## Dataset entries
● ● ● ●

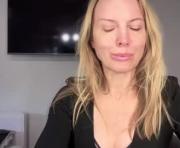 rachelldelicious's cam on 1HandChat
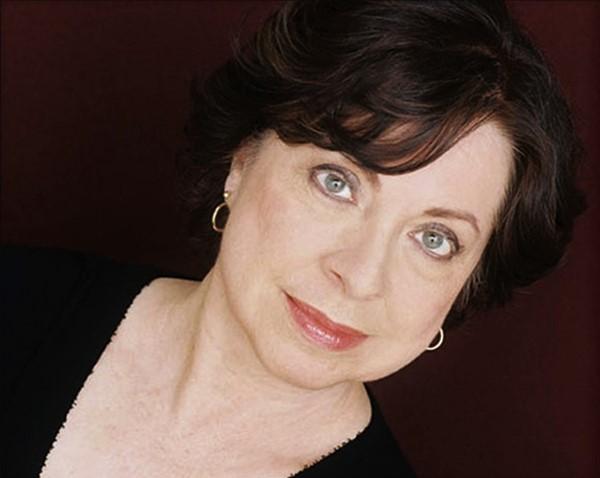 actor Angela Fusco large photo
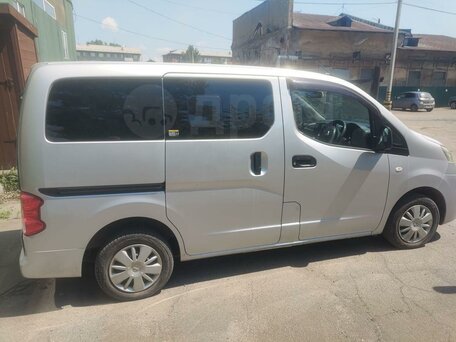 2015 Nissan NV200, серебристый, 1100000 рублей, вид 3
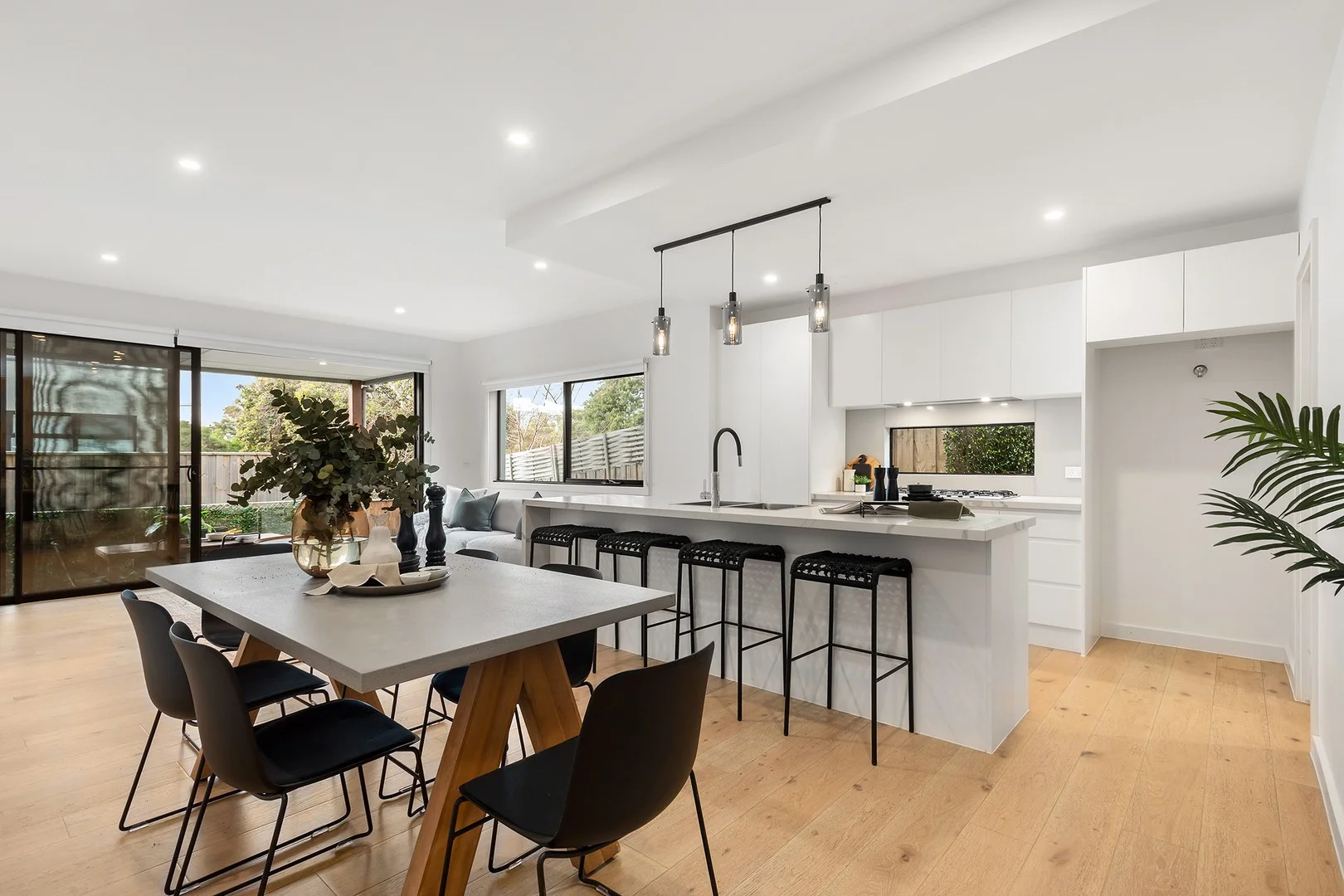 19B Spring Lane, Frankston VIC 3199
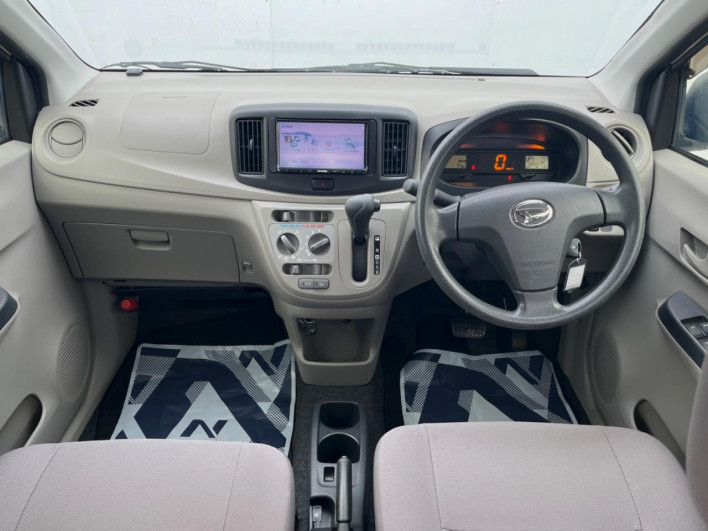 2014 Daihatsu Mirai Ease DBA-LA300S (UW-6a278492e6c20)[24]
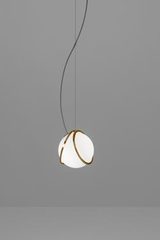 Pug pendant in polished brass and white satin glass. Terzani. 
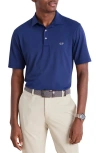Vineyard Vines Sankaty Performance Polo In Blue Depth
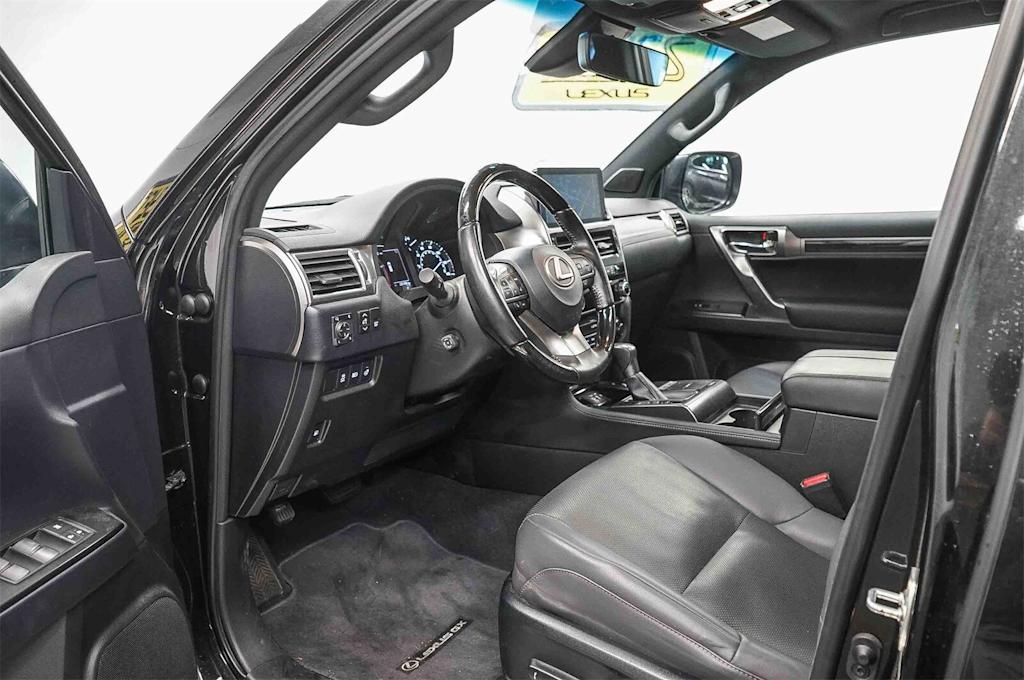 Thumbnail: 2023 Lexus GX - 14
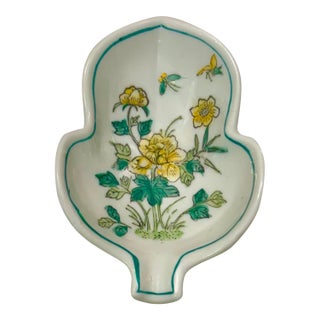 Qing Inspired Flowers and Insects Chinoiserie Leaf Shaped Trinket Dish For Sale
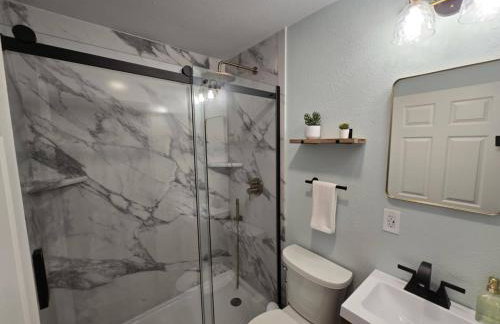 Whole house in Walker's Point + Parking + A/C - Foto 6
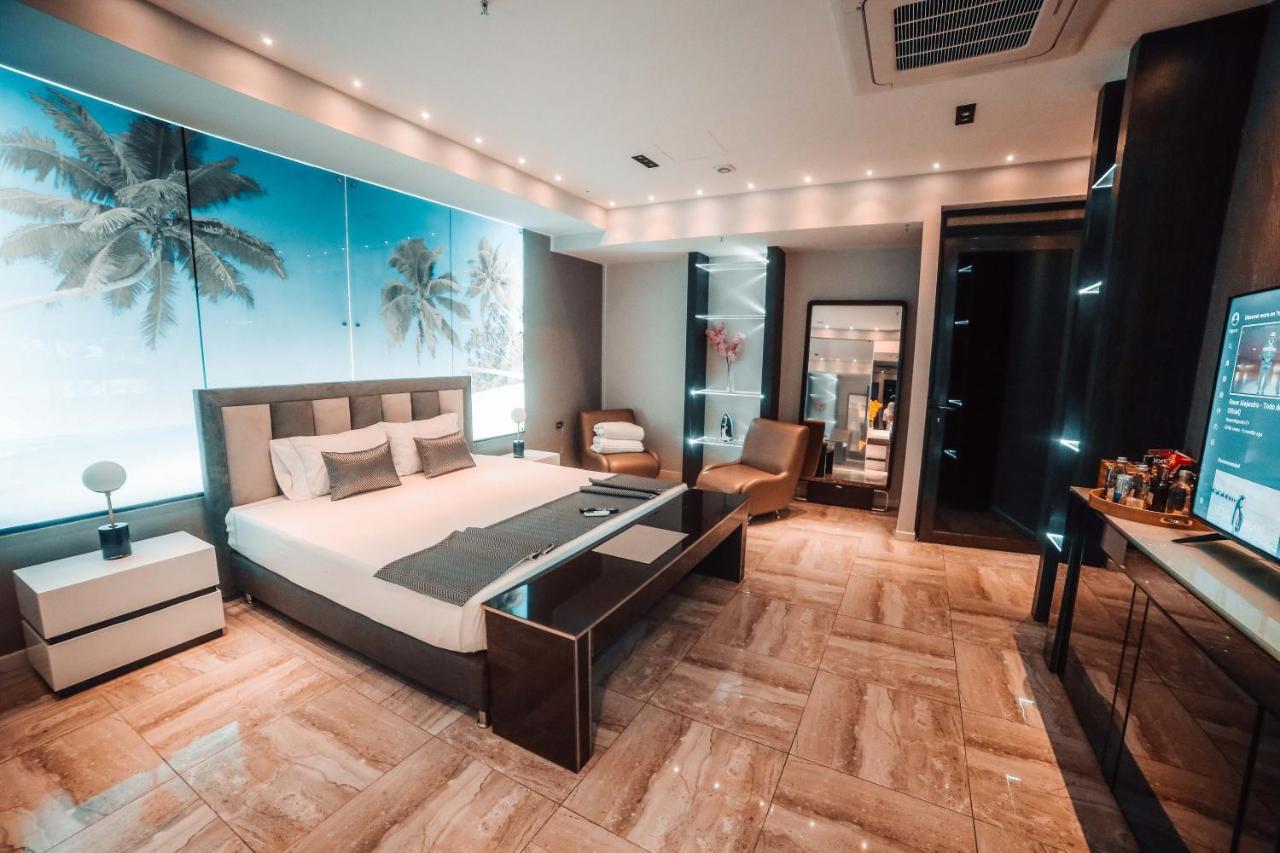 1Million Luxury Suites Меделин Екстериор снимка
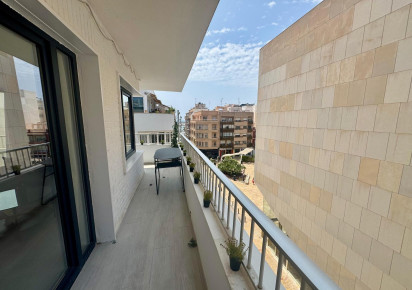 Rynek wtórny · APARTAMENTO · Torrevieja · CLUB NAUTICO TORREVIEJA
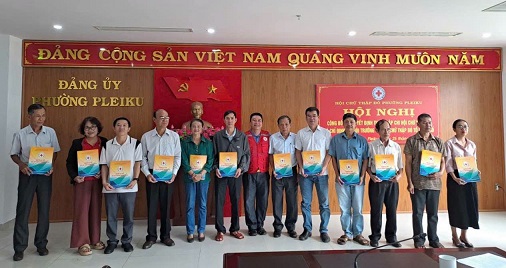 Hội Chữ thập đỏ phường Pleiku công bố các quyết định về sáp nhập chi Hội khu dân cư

● ● ● ●

## WORK REQUIRED
Please quote the records above exactly, beginning at the line that contains "Qing Inspired Flowers" and ending at their last line. Leave the pictures out.

## TASK RESPONSE
 Qing Inspired Flowers and Insects Chinoiserie Leaf Shaped Trinket Dish For Sale
 Whole house in Walker's Point + Parking + A/C - Foto 6
 1Million Luxury Suites Меделин Екстериор снимка
 Rynek wtórny · APARTAMENTO · Torrevieja · CLUB NAUTICO TORREVIEJA
 Hội Chữ thập đỏ phường Pleiku công bố các quyết định về sáp nhập chi Hội khu dân cư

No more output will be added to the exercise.